# WHAT YOU HAVE TO DO
Starting at the line holding "Wishwell: Storyboard Saffron" and finishing at the line holding "Bröllop, gift 39-årsdag", transcribe the material exactly, keeping both ends but no pictures.

# EXTRACTED MATERIAL
____________________
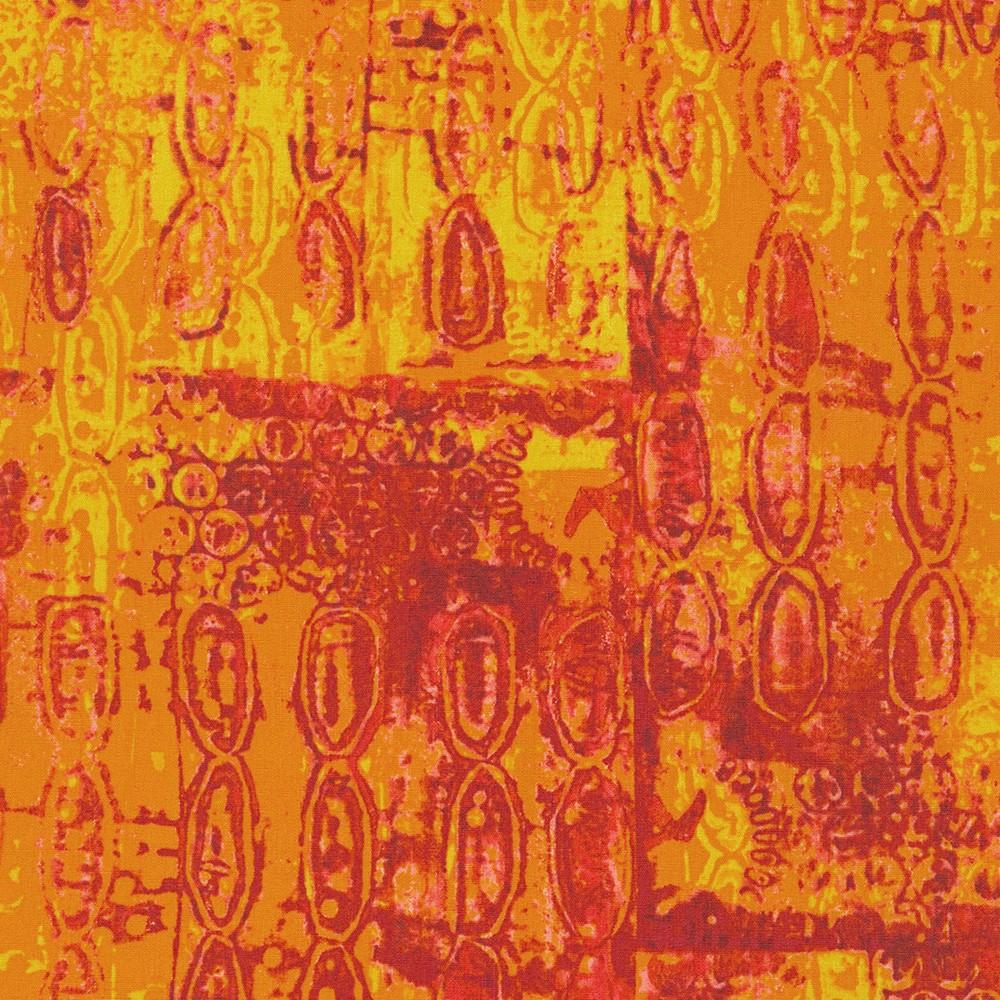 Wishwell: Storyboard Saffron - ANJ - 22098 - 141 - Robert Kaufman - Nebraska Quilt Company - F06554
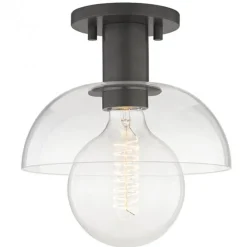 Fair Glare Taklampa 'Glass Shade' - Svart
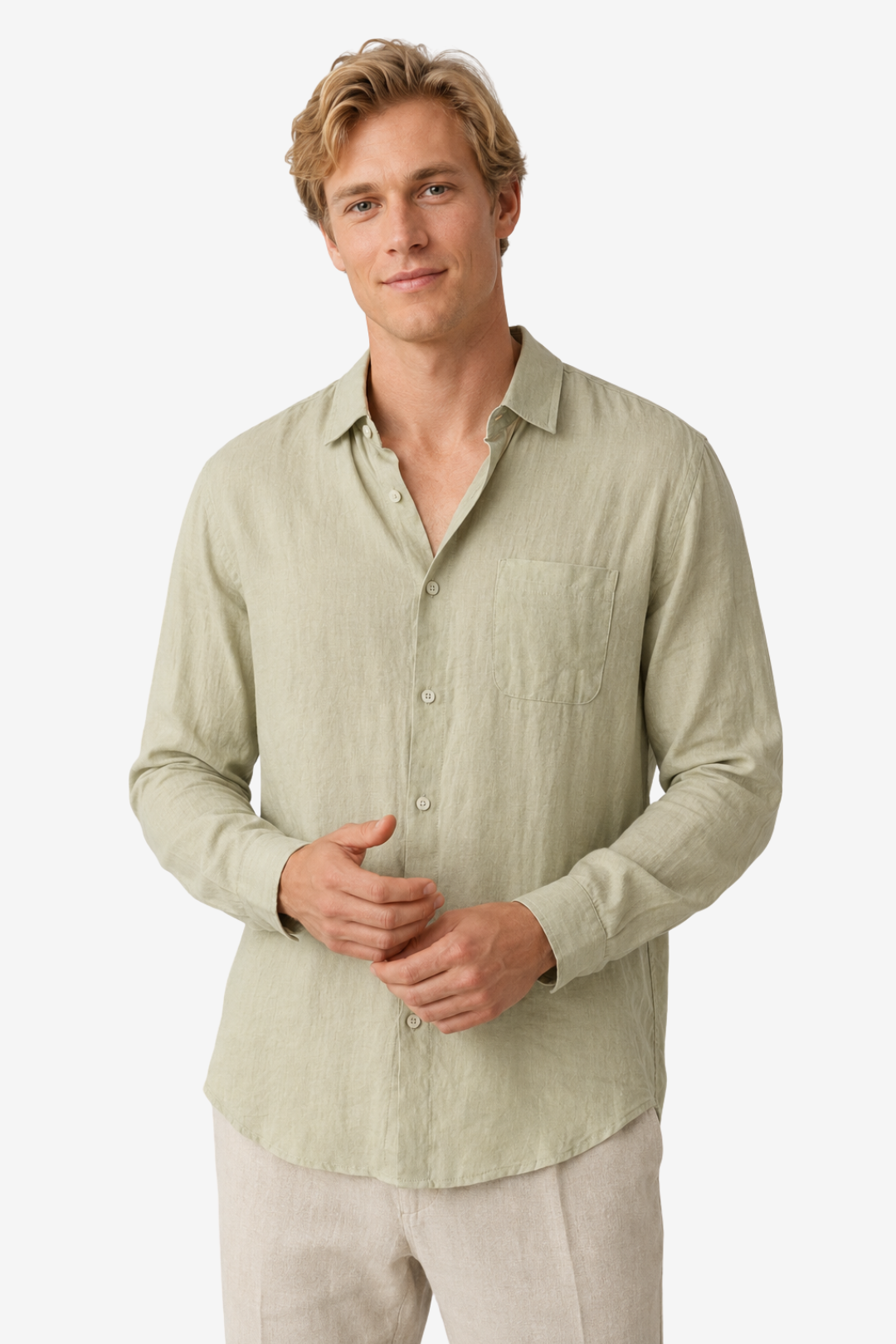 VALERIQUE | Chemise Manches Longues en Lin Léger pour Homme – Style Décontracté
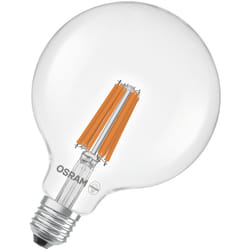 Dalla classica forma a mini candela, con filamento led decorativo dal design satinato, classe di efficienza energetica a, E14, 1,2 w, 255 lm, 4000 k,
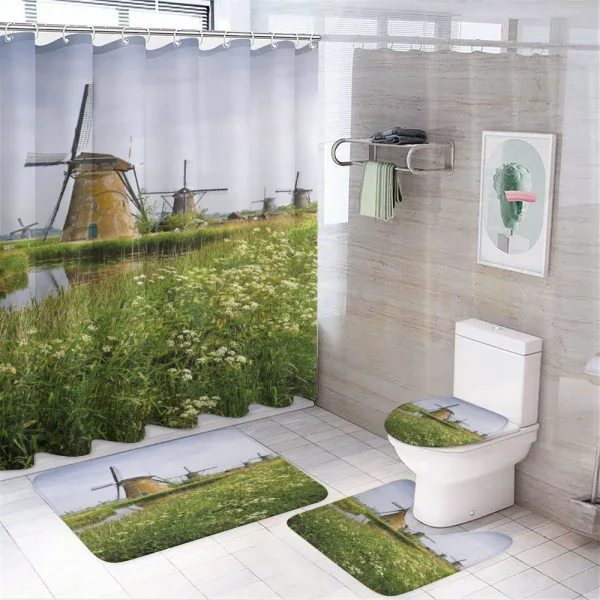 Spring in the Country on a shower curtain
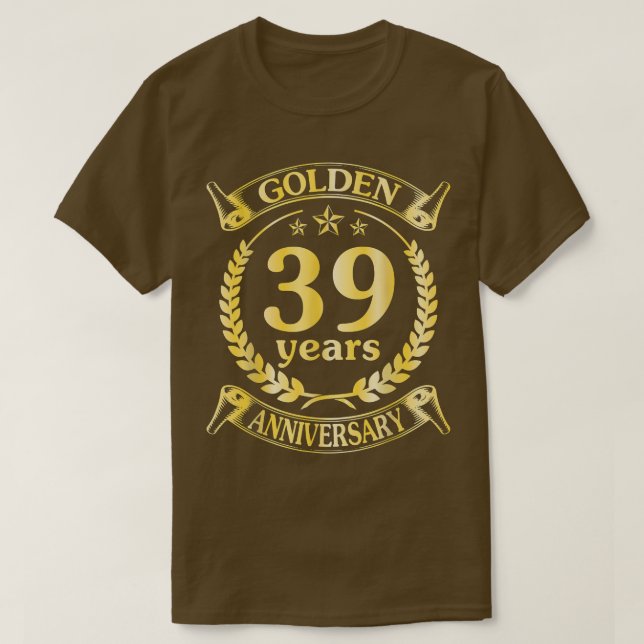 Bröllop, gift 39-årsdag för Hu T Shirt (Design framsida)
____________________
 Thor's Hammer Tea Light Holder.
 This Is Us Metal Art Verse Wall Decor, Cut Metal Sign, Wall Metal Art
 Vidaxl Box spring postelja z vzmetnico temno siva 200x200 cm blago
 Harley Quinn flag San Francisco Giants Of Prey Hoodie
____________________
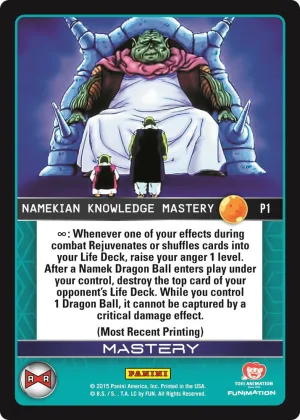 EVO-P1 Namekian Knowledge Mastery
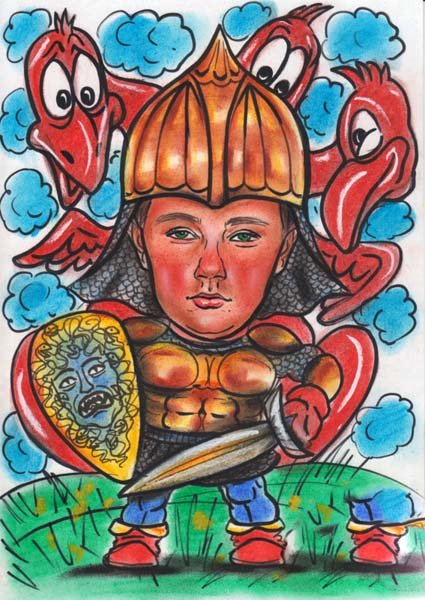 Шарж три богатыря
____________________
# ANSWER BOX
 Wishwell: Storyboard Saffron - ANJ - 22098 - 141 - Robert Kaufman - Nebraska Quilt Company - F06554
 Fair Glare Taklampa 'Glass Shade' - Svart
 VALERIQUE | Chemise Manches Longues en Lin Léger pour Homme – Style Décontracté
 Dalla classica forma a mini candela, con filamento led decorativo dal design satinato, classe di efficienza energetica a, E14, 1,2 w, 255 lm, 4000 k,
 Spring in the Country on a shower curtain
 Bröllop, gift 39-årsdag för Hu T Shirt (Design framsida)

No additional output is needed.